Europe goes public

The introduction of publicly traded REITs in Europe's two largest economies is bound to have repercussions on the region's property markets—should private equity real estate firms be worried?

Over the past decade, the European real estate industry—once a relatively closed, illiquid market dominated by local players—has gone through enormous changes to become one of the most dynamic markets in the world.

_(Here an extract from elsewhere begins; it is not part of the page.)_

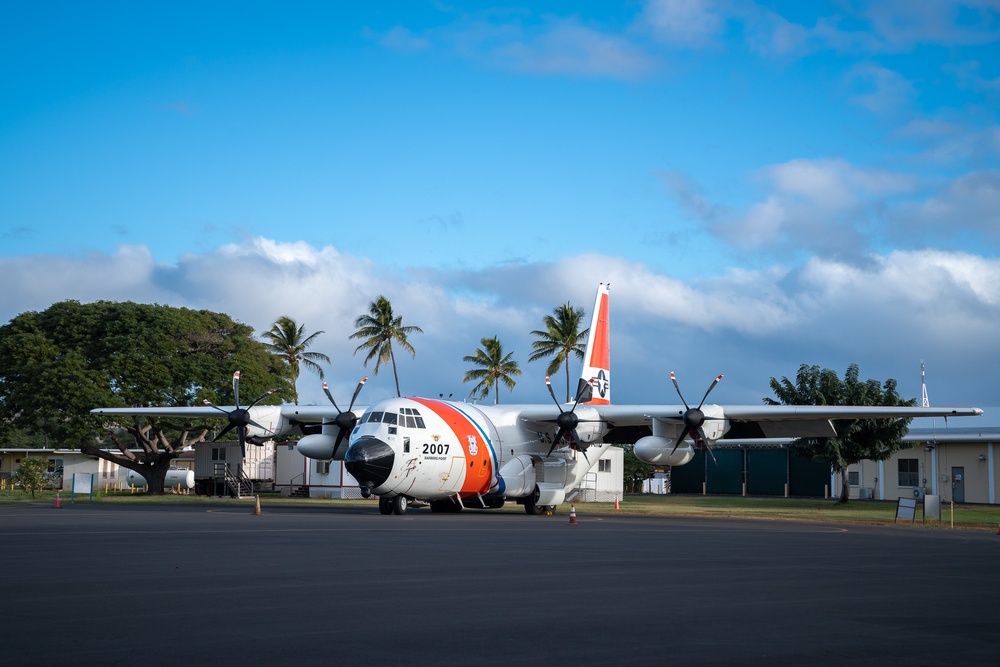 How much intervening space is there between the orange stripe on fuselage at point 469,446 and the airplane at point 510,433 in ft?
0.15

Foreign investors, primarily from the US, have entered the region; domestic firms have built up their own investment capabilities; institutional investors have broadened their geographic scope; governments and corporations have divested significant amounts of their legacy real estate assets; and, as any private equity real estate investor will tell you, competition has substantially increased.

In other words, the European property market has come to increasingly resemble its counterpart across the Atlantic.

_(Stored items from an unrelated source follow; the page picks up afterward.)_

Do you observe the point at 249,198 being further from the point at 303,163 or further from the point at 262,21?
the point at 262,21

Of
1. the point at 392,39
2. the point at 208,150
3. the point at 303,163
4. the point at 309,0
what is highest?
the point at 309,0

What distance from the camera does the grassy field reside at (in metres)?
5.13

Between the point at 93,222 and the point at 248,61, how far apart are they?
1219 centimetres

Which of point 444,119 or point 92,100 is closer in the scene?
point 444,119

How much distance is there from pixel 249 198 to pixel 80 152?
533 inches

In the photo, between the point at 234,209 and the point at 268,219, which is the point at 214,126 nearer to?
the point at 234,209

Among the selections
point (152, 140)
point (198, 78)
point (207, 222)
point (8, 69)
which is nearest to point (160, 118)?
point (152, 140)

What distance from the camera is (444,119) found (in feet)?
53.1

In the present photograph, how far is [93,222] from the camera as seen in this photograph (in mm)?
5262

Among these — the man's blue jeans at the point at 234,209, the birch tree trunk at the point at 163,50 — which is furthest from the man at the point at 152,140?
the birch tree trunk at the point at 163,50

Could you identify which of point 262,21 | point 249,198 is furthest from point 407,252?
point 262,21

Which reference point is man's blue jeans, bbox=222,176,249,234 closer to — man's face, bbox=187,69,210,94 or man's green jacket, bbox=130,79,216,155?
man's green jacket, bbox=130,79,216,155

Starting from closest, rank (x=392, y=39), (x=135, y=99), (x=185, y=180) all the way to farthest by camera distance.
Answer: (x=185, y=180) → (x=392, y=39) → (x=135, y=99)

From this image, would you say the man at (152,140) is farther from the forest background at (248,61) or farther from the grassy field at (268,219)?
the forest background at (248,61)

Against this backdrop, governments in the UK and Germany are considering legislation to introduce publicly traded real estate investment trusts (REITs) similar to the US, a move which has the potential to transform the European property markets even further. The map on the opposing page shows just how many other countries already have (or are considering) one form or another of a public real estate investment vehicle.

The European property market has come to increasingly resemble its counterpart across the Atlantic.

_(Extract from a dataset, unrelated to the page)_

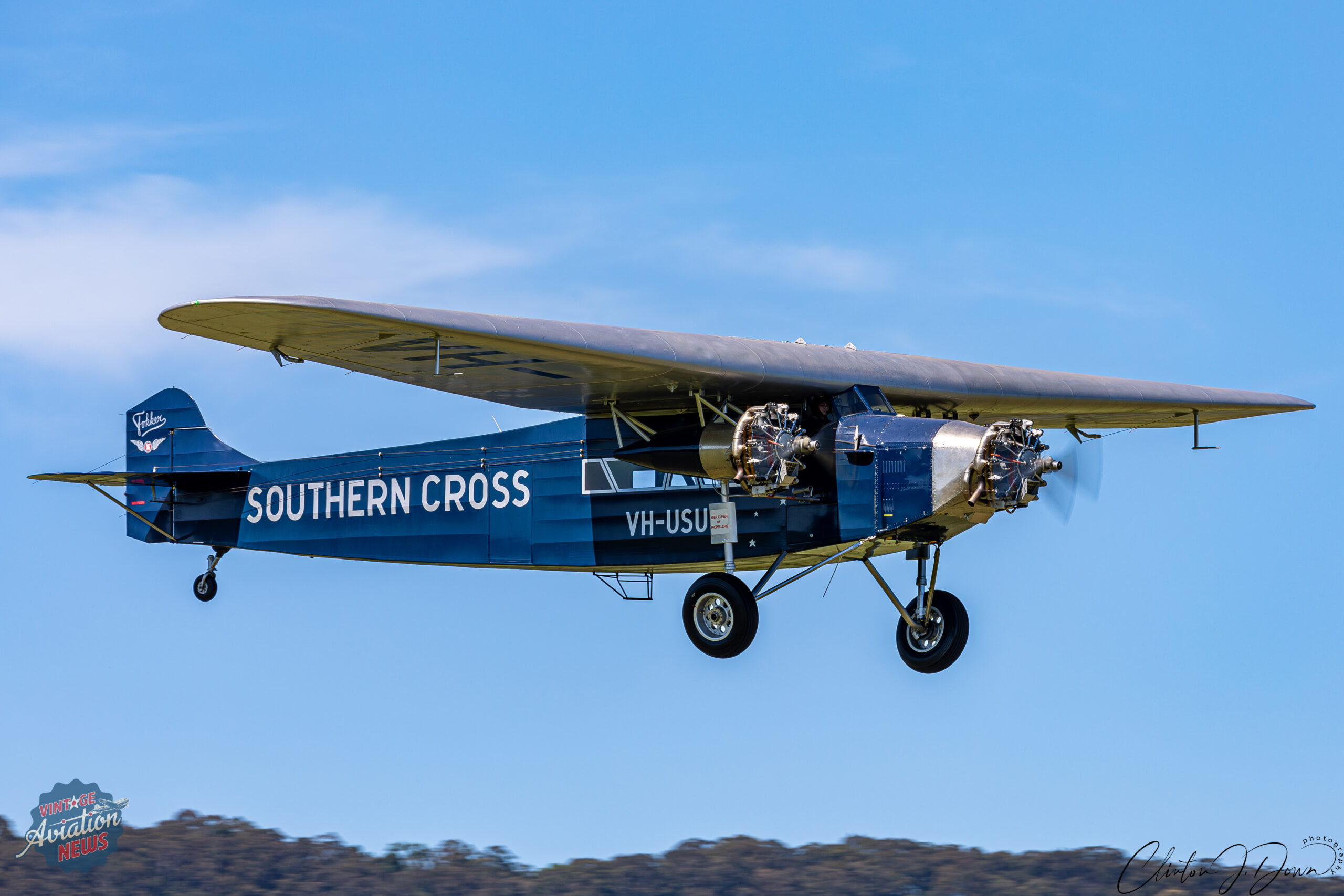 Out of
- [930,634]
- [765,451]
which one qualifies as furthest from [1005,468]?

For opportunity funds and other high-yield property investors, this emerging trend could be both a blessing and a curse. REITs, given their preferences for income-producing assets, will no doubt be active buyers for many of the properties that opportunity funds invest in once those properties have been stabilized. For example, many of the high-yield property investors now active in Japan see the growing J-REIT market as their most likely—and most profitable— exit route.

On the other hand, the more liquidity and transparency in a given market, by definition, the harder it is to find opportunities. Though REITs often pursue different investments than private equity real estate funds, their presence can nevertheless drive up overall prices and generate a more competitive environment.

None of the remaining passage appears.